Performance Support Issue

Ever Faster Change - Ever Faster Learning?

Den Bosch (NL), January 2013 - When everything is changing faster and faster, we need to learn faster and faster, right? In a recent interview, this question was posed to two prominent advocates of performance support: Ontuitive's Conrad Gottfredson and Bob Mosher, pioneers of working and learning simultaneously.

Den Bosch (NL), January 2013 - When everything is changing faster and faster, we need to learn faster and faster, right? In a recent interview, this question was posed to two prominent advocates of performance support: Ontuitive's Conrad Gottfredson and Bob Mosher, pioneers of working and learning simultaneously.


"In a world where drastic technological changes constantly challenge the workforce, market, and society, both employers and employees have to acknowledge that permanent learning is crucial. But there's a sense of frustration among both. Even when the content is a hit, employees hardly ever remember anything they have learned when they need to apply it," says Bob Mosher, Microsoft's former training director and now the chief learning and strategy evangelist at Ontuitive.
"The big problem with training in a business context is not that there isn't enough training - there's often too much of it - but that people don't get the best out of it."

What is performance support?


Bob Mosher: Performance support offers the correct information to employees exactly when they need it: during work. It can be compared to a brief instruction that an employee reads - learning something new or refreshing memory - immediately applying the instruction.

The problem with training is that it often loses its connection with performance: As soon as we abandon the perspective of application, our view of training changes. Performance support organises training differently, shifting the focus from 'learning to use', to the 'application of what's learned'.

Should the trainers ensure that learning is applied?

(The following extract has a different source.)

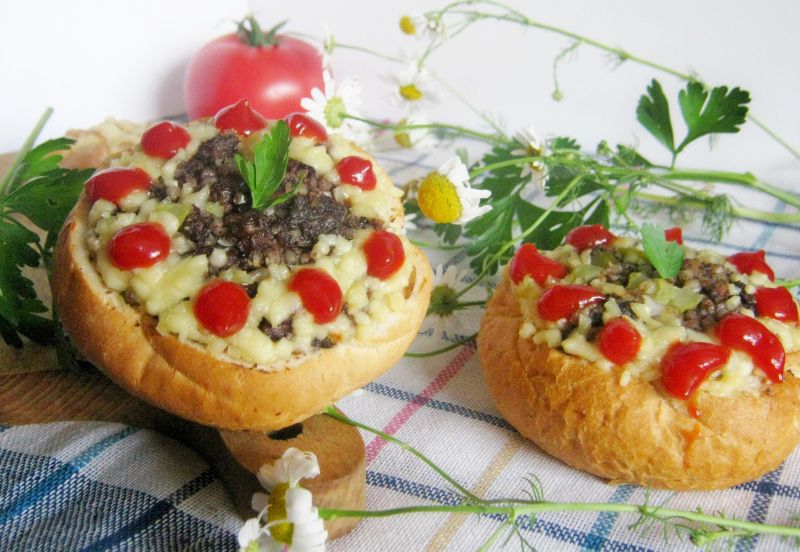 Kaszanka zapiekana w bułce Kaszanka zapiekana w bułce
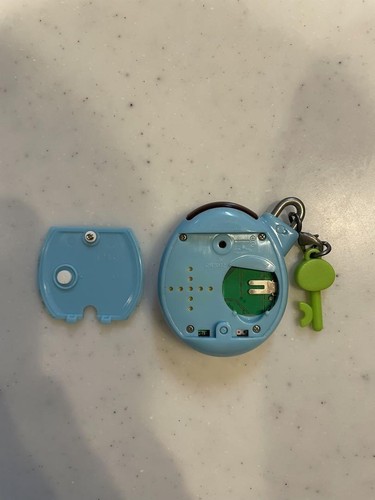 Yeaaah ! Family Iroiro ! Tamagotchi Plus family famitama World the earth, USED - Picture 3 of 8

Conrad Gottfredson: Of course. Trainers have put too much emphasis on learning: They have spent far too much time on learning to memorise skills and too little on the learning needed to apply them. With performance support, trainers stick to the fundamental skills needed for people to be able to get started, and their emphasis shifts to problem-based learning. The trainers are no longer just teachers; they're also guides who build bridges between the course and the workplace.

Think of the increasingly shorter shelf life of certain products. Some course material is outdated the moment the course starts. To survive, organisations have to be able to learn at the same speed at which changes take place - constantly learning and applying new skills.

Does this mean the end of standard training, the general packages?


Conrad Gottfredson: No, absolutely not. But we have to make the most of it in the time we're being allocated.

Bob Mosher: The trainer has a very important role: as a teacher of the essentials and as the person who learns to use the support instruments and references. The trainer is not one to answer questions, but rather a catalyst to increase the employees' level of self-sufficiency.